▶ [DATA SHOWN]:
-- Opening Marker --
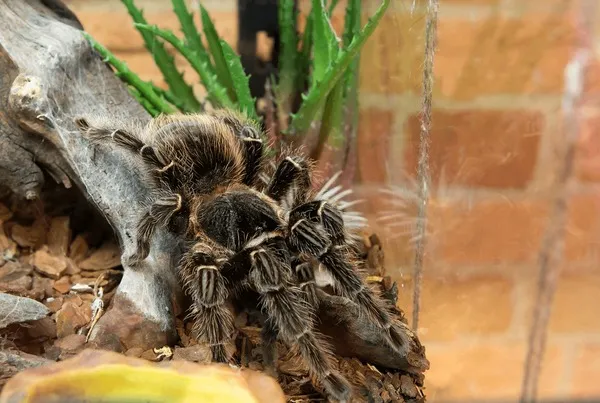 23553 tarantula defense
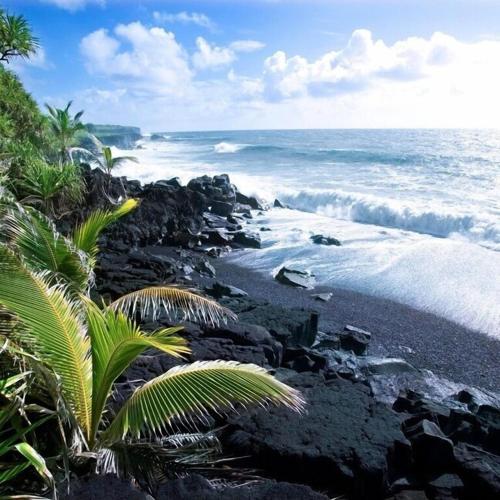 Oceanfront Condo & Walking Distance to Beach and Town- Hale Kona Kai 207 by Casago Kona - image 10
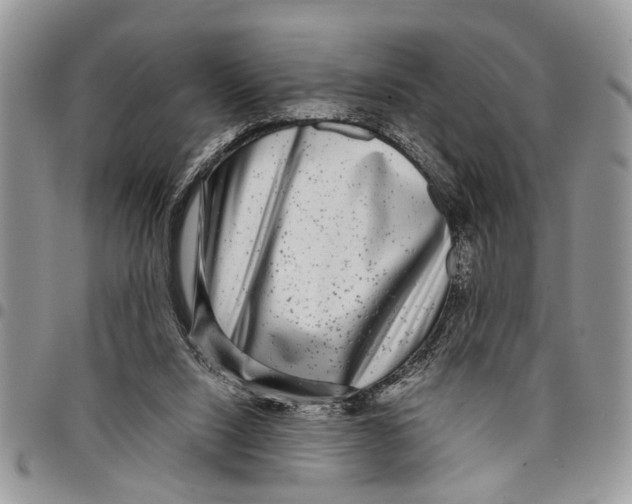 X0000097780064200803281711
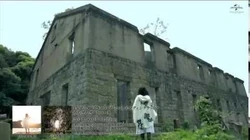 Tokohana Jpop Wiki Fandom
-- Closing Marker --
▶ [ASSIGNED TASK]: With images omitted, retype the data word for word.

▶ [EXERCISE RESULT]:
 23553 tarantula defense
 Oceanfront Condo & Walking Distance to Beach and Town- Hale Kona Kai 207 by Casago Kona - image 10
 X0000097780064200803281711
 Tokohana Jpop Wiki Fandom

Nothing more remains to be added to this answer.